Type out the lines below exactly, from the first through the line holding "Milli Savunma Bakanı", and include no pictures.

> _Collected data_
==================================================
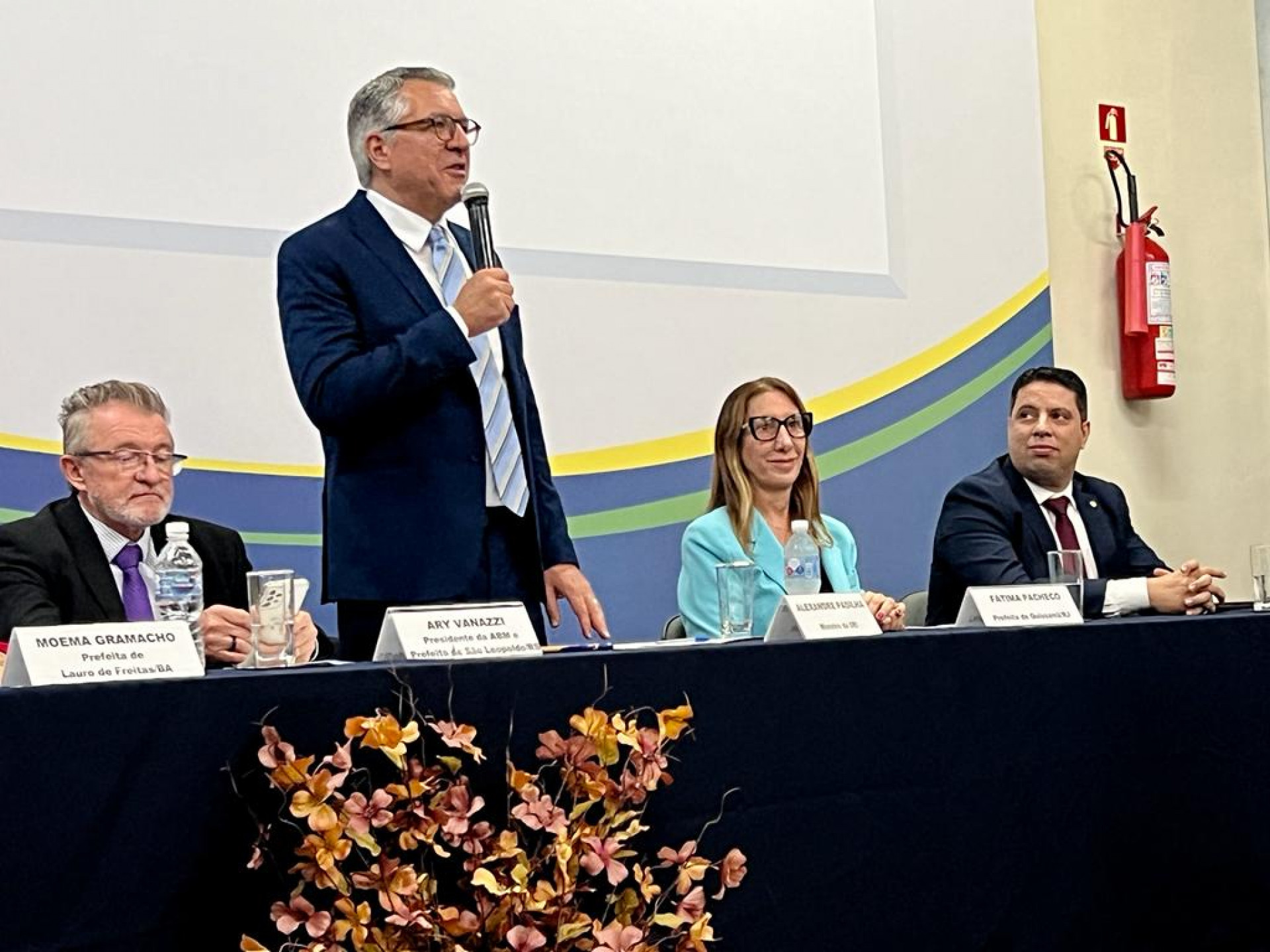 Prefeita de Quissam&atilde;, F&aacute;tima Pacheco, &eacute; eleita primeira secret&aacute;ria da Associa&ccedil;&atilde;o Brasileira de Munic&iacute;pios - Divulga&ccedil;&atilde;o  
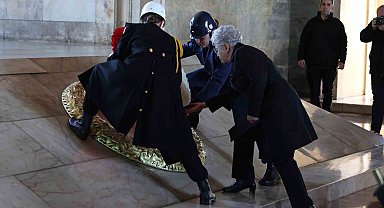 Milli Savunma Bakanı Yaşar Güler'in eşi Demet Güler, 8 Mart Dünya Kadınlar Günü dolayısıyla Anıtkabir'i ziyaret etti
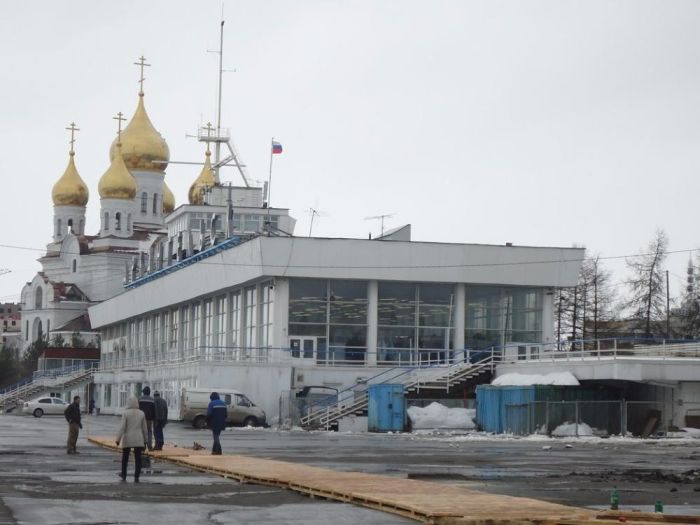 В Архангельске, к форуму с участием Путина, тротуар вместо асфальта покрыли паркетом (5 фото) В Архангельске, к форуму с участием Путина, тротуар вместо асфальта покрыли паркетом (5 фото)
==================================================
> _Answer to this exercise_
 Prefeita de Quissam&atilde;, F&aacute;tima Pacheco, &eacute; eleita primeira secret&aacute;ria da Associa&ccedil;&atilde;o Brasileira de Munic&iacute;pios - Divulga&ccedil;&atilde;o  
 Milli Savunma Bakanı Yaşar Güler'in eşi Demet Güler, 8 Mart Dünya Kadınlar Günü dolayısıyla Anıtkabir'i ziyaret etti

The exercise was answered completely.